Lawyers believe suspension of companies from trading is against the interests of minority shareholders and there has to be a review of the norms.
“Suspension from trading is a wrong step, as you are taking away the exit option of minority shareholders. Action should be taken against individuals thrusted with the responsibility of compliance,” said Sandeep Parekh, founder of Finsec Law Advisors.
“When the stock exchanges are of the view that material non-compliances of the listing agreement by any company affects the price formation, they can exercise their rights. In such cases, the public shareholders will have to take recourse to Sebi. Sebi may look at the corporate governance issues as well,” says P R Ramesh, senior consultant, Economic Laws Practice.
Takeover regulations
Sinha said Sebi plans a review of the new takeover code regulation, introduced in October 2011, in the next couple of months.

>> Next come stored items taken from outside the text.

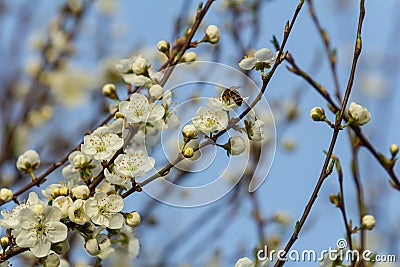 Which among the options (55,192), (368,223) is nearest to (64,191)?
(55,192)

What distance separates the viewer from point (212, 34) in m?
1.72

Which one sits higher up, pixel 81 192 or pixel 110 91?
pixel 110 91

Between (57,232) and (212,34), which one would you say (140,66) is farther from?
(57,232)

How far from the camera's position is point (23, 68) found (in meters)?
3.94

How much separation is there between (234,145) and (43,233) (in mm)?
490

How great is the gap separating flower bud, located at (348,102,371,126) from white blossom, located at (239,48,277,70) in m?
0.25

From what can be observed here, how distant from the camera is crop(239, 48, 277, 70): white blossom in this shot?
1.35 meters

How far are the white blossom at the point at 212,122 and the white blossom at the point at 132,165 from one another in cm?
15

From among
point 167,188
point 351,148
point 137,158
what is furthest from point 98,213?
point 167,188

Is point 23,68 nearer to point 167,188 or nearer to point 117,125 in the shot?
point 167,188

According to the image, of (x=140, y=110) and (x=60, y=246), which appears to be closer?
(x=60, y=246)

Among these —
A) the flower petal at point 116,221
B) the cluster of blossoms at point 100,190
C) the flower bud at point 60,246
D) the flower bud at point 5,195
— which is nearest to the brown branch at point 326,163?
the cluster of blossoms at point 100,190

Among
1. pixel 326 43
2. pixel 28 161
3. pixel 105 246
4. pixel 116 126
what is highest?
pixel 326 43

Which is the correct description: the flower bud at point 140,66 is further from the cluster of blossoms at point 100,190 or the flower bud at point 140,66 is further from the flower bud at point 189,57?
the flower bud at point 189,57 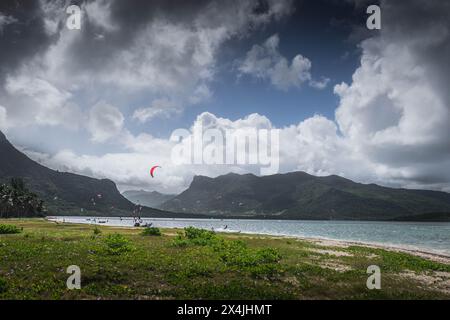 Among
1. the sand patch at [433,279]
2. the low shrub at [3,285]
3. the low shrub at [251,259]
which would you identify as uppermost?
the low shrub at [3,285]

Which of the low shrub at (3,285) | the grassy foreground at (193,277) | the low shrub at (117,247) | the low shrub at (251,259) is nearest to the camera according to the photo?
the low shrub at (3,285)

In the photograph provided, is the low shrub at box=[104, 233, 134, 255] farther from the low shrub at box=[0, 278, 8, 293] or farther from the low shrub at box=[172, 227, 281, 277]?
the low shrub at box=[0, 278, 8, 293]

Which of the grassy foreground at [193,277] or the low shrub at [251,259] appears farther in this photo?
the low shrub at [251,259]

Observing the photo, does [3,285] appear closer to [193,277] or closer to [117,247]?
[193,277]

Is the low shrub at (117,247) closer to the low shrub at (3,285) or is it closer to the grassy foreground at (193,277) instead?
the grassy foreground at (193,277)

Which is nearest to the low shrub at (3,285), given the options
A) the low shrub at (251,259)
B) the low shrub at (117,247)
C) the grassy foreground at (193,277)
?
the grassy foreground at (193,277)

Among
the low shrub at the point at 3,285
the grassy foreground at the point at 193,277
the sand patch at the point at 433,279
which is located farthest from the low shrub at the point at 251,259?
the low shrub at the point at 3,285

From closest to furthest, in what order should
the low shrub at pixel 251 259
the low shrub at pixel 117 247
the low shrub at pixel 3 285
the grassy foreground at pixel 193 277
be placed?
the low shrub at pixel 3 285, the grassy foreground at pixel 193 277, the low shrub at pixel 251 259, the low shrub at pixel 117 247

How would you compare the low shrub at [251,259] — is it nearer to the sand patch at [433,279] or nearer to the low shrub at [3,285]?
the sand patch at [433,279]

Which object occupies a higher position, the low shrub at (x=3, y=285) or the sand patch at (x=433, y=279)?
the low shrub at (x=3, y=285)

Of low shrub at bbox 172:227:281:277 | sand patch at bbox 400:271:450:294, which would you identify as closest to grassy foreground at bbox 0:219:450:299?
sand patch at bbox 400:271:450:294

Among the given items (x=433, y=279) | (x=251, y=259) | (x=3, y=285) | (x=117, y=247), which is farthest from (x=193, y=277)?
(x=433, y=279)

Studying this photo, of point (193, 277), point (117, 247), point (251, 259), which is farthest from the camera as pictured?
point (117, 247) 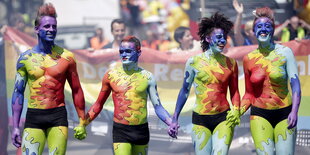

“When we implemented the code, we said it will be reviewed after one year. We have started looking at the implementation of the revised regulations,” he said. The revision, he said, would also be based on industry feedback.
Lawyers said the regulator might not announce widespread changes to the code. Under the changes, the open offer trigger was increased from 15 per cent to 25 per cent, while the open offer size was raised to 26 per cent from 20 per cent in the previous code.
Sahara
When asked about the decision to put on hold the appointment of an ‘in-person’ verification agency to ascertaining investors of the Sahara bond scheme, Sinha said “We are very serious that some good and reliable agencies come forward. We didn’t have enough confidence in some of the agencies.”
OFS
Sinha also said Sebi would very soon ‘simplify’ existing share sale avenues such as the offer for sale (OFS) meant for meeting the public shareholding requirement. At its board meeting on Friday, the regulator is expected to announce changes to the OFS regulations, which could include lower margin requirement and greater transparency in the bidding process.